Hay IBBruin couldn't that be that 10amp fuse connector under the seat? I know mine was stuck in 2wd and that was the problem.


----------



## IBBruin (Feb 10, 2009)

Stuck in 2wd could be a fuse problem for sure but his is stuck in 4wd. I've never heard of one stuck in 4wd because of a fuse proplem. I guess if it was in 4wd when the fuse blew or the connection went bad it could be stuck in 4wd just as easy. Good point Fabman.


----------



## brutemike (Mar 23, 2010)

Heres what i got now after messing with it got power to switch, did all the test on the actuator all pass but now the the lite is flashing back and forth 1 sec so i guessing its the actuator what do u guys think?
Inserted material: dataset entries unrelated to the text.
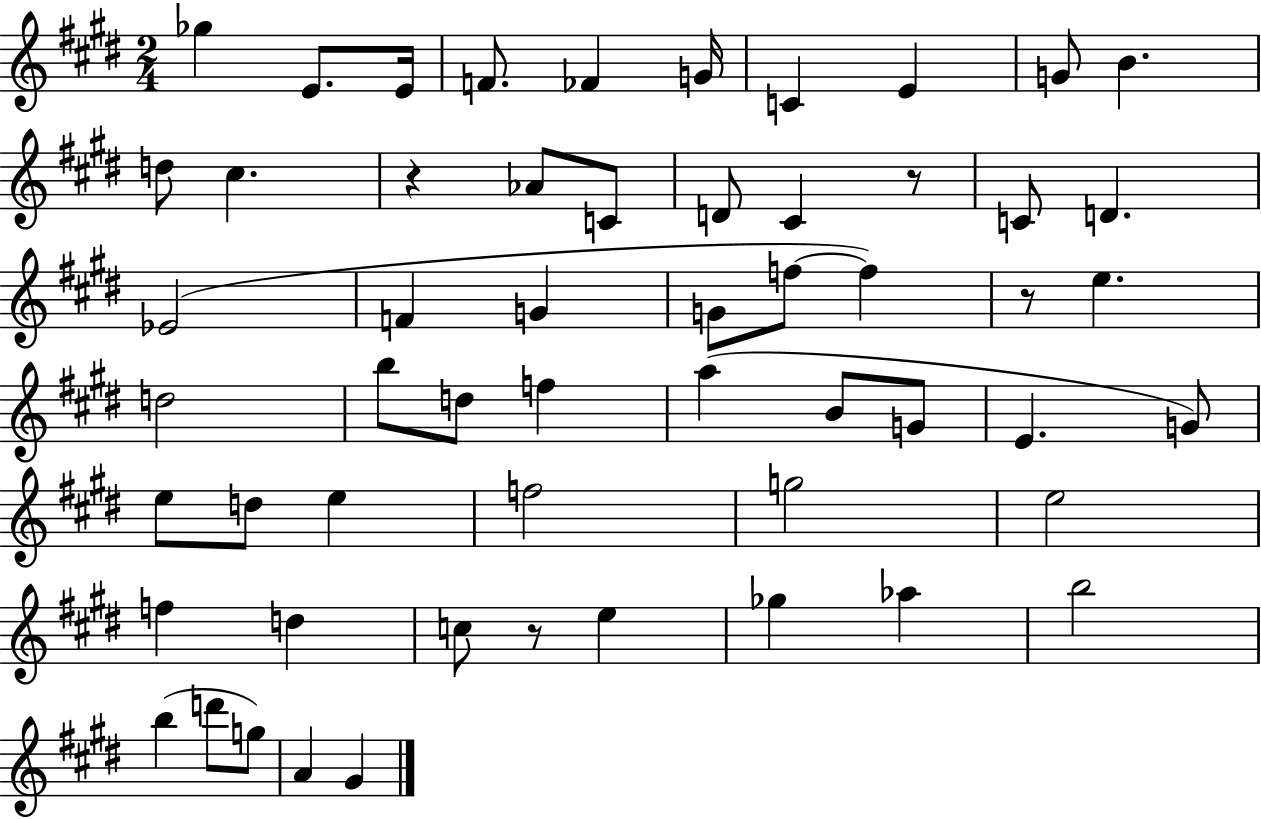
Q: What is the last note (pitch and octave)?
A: G#4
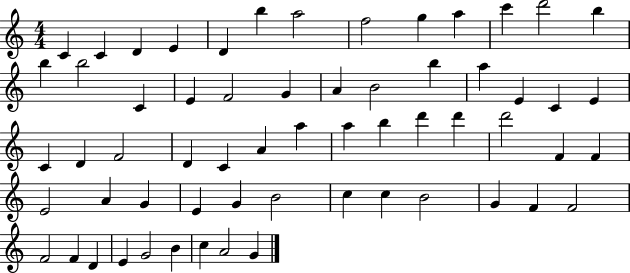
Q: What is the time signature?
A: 4/4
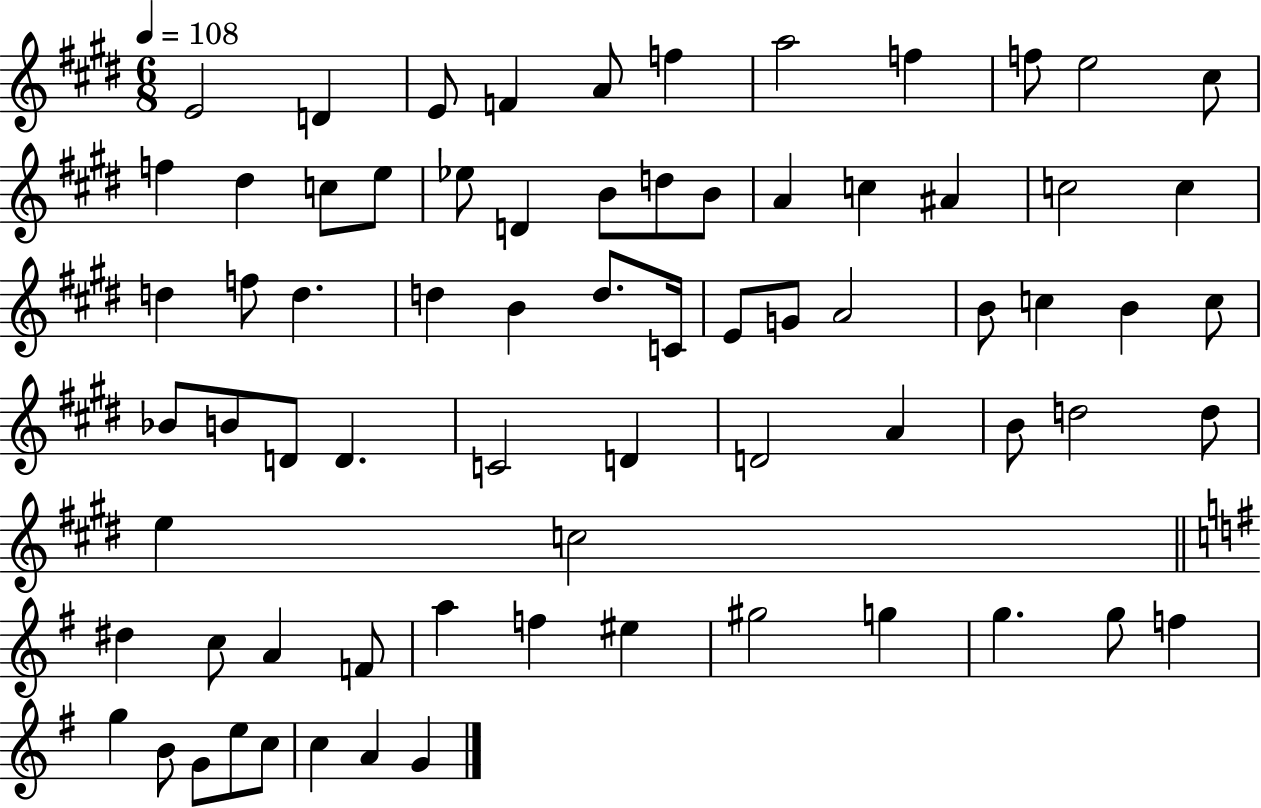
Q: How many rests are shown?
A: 0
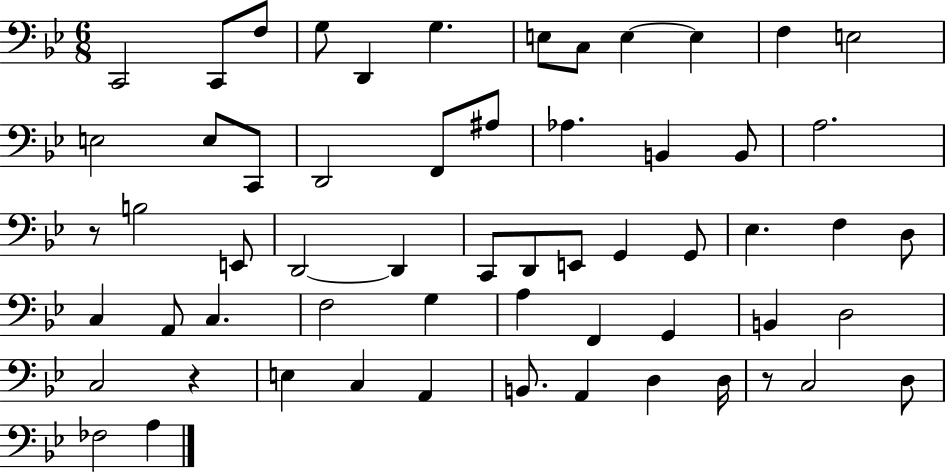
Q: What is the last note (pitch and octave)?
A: A3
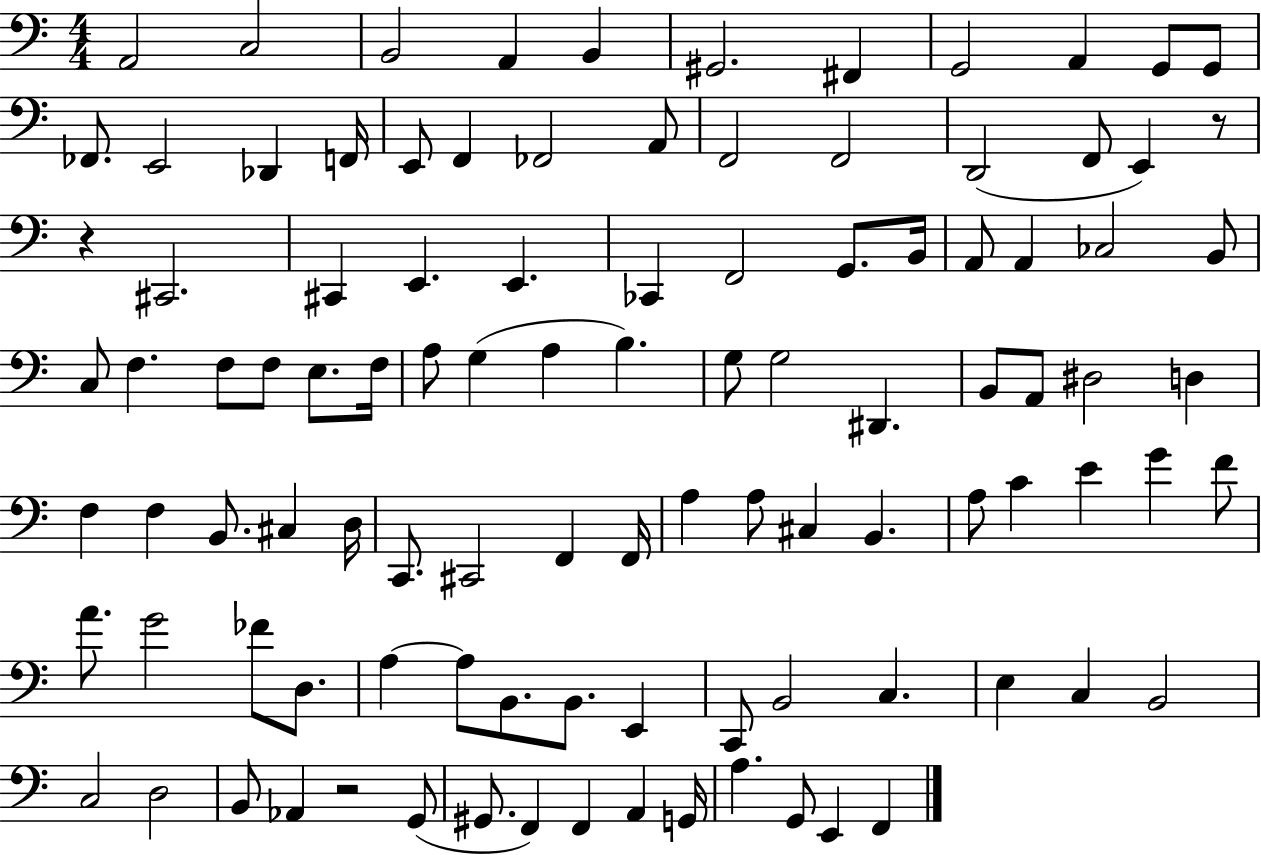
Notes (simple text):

A2/h C3/h B2/h A2/q B2/q G#2/h. F#2/q G2/h A2/q G2/e G2/e FES2/e. E2/h Db2/q F2/s E2/e F2/q FES2/h A2/e F2/h F2/h D2/h F2/e E2/q R/e R/q C#2/h. C#2/q E2/q. E2/q. CES2/q F2/h G2/e. B2/s A2/e A2/q CES3/h B2/e C3/e F3/q. F3/e F3/e E3/e. F3/s A3/e G3/q A3/q B3/q. G3/e G3/h D#2/q. B2/e A2/e D#3/h D3/q F3/q F3/q B2/e. C#3/q D3/s C2/e. C#2/h F2/q F2/s A3/q A3/e C#3/q B2/q. A3/e C4/q E4/q G4/q F4/e A4/e. G4/h FES4/e D3/e. A3/q A3/e B2/e. B2/e. E2/q C2/e B2/h C3/q. E3/q C3/q B2/h C3/h D3/h B2/e Ab2/q R/h G2/e G#2/e. F2/q F2/q A2/q G2/s A3/q. G2/e E2/q F2/q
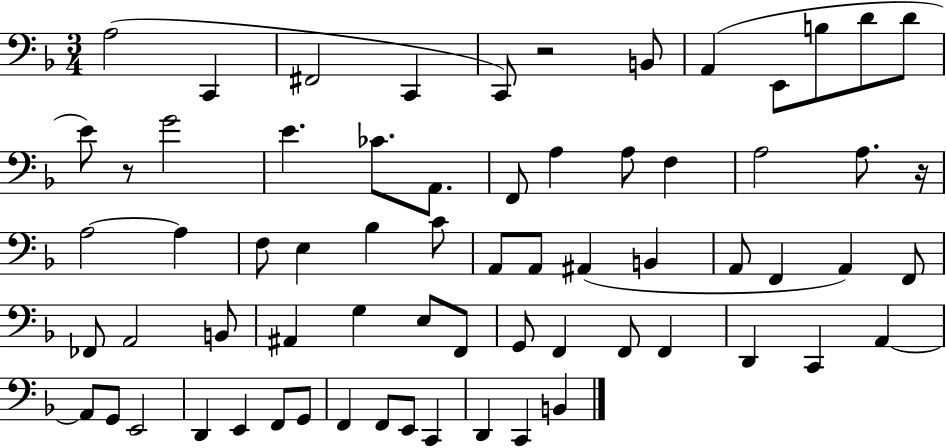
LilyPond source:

{
  \clef bass
  \numericTimeSignature
  \time 3/4
  \key f \major
  a2( c,4 | fis,2 c,4 | c,8) r2 b,8 | a,4( e,8 b8 d'8 d'8 | \break e'8) r8 g'2 | e'4. ces'8. a,8. | f,8 a4 a8 f4 | a2 a8. r16 | \break a2~~ a4 | f8 e4 bes4 c'8 | a,8 a,8 ais,4( b,4 | a,8 f,4 a,4) f,8 | \break fes,8 a,2 b,8 | ais,4 g4 e8 f,8 | g,8 f,4 f,8 f,4 | d,4 c,4 a,4~~ | \break a,8 g,8 e,2 | d,4 e,4 f,8 g,8 | f,4 f,8 e,8 c,4 | d,4 c,4 b,4 | \break \bar "|."
}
The lite started after i took it out and it just moves like an 1/8 of a turn i dont get it worked when i took the bike down for repair now the actuator is broke what the h*** and one more thing i put power to the motor and it turns.:thinking::thinking::thinking:


----------



## IBBruin (Feb 10, 2009)




----------



## brutemike (Mar 23, 2010)

I already printed that out but thank you Ibbruin. Just got done messing with it some more i took the actuator apart and put it in the spot where 2wd would be and put back in then turned the key on lite flashing spun the rear wheels in 2wd then put switch in 4wd and spun rear wheels it engaged the front end and lite went to 4wd(no flashing 2wd 4wd) then put switch in 2wd and nothing.:thinking: I about ready to do the manual one. Im not paying that much for a new actuator. Unless you guys have any ideas.


----------



## brutemike (Mar 23, 2010)

So i said screw this and started on the manual one byrd did the write up on and so far i got done with the actuator part just have to get some sort of cable and shifter.


----------



## z24guy (Nov 27, 2010)

does your kebc still work? ie does it do the self test when you turn the key off? I went through this on a buddies 650i and it was the fusebox. It got wet and it rotted to hell. if the kebc doesnt work, use a test light and check the fusees with the key on, I didn't get enough power to run the test light but the kebc started to buzz.


----------



## brutemike (Mar 23, 2010)

got the rite voltage so im putting on my manual one on tomarrow.will let you guys how it works.


----------